Extracted information —
·····

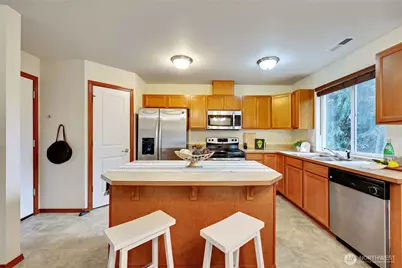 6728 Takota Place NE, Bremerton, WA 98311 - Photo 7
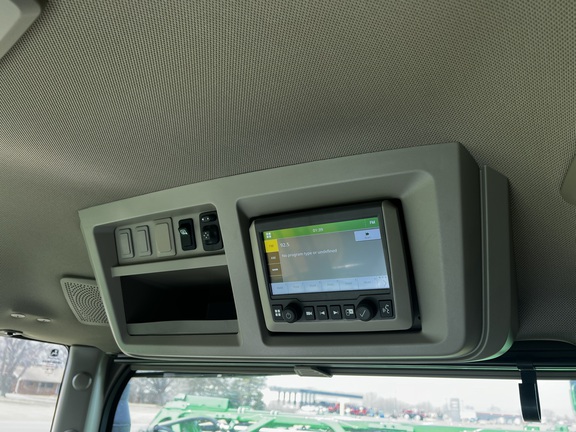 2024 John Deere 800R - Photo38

·····

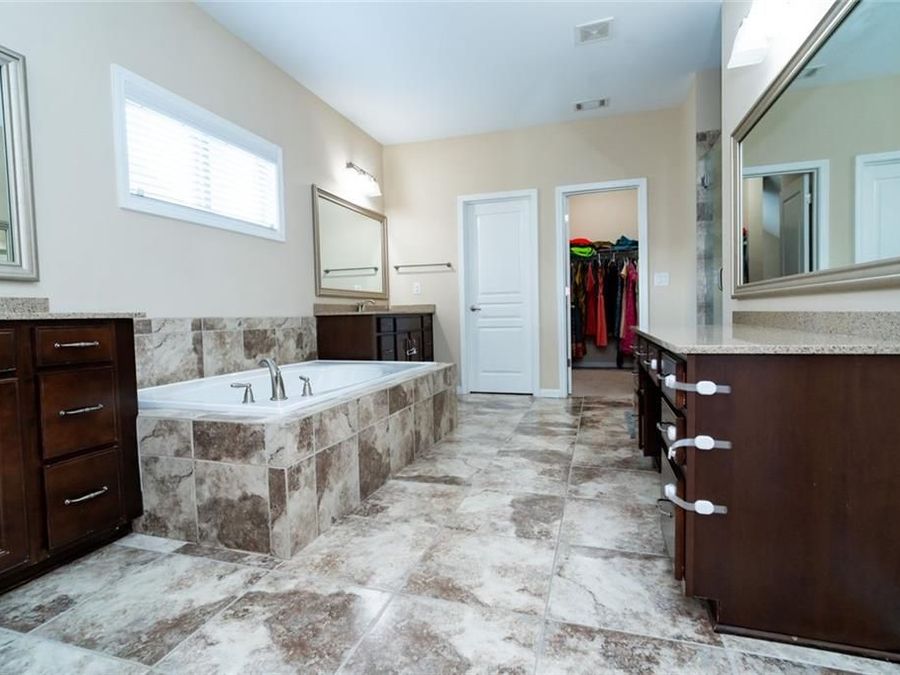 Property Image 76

·····

Instructions to follow —
Starting at the line above that has "6728 Takota Place" and ending at the line that has "2024 John Deere 800R - Photo38", copy each line exactly, leaving the pictures out and adding nothing.

Solution to this task —
 6728 Takota Place NE, Bremerton, WA 98311 - Photo 7
 2024 John Deere 800R - Photo38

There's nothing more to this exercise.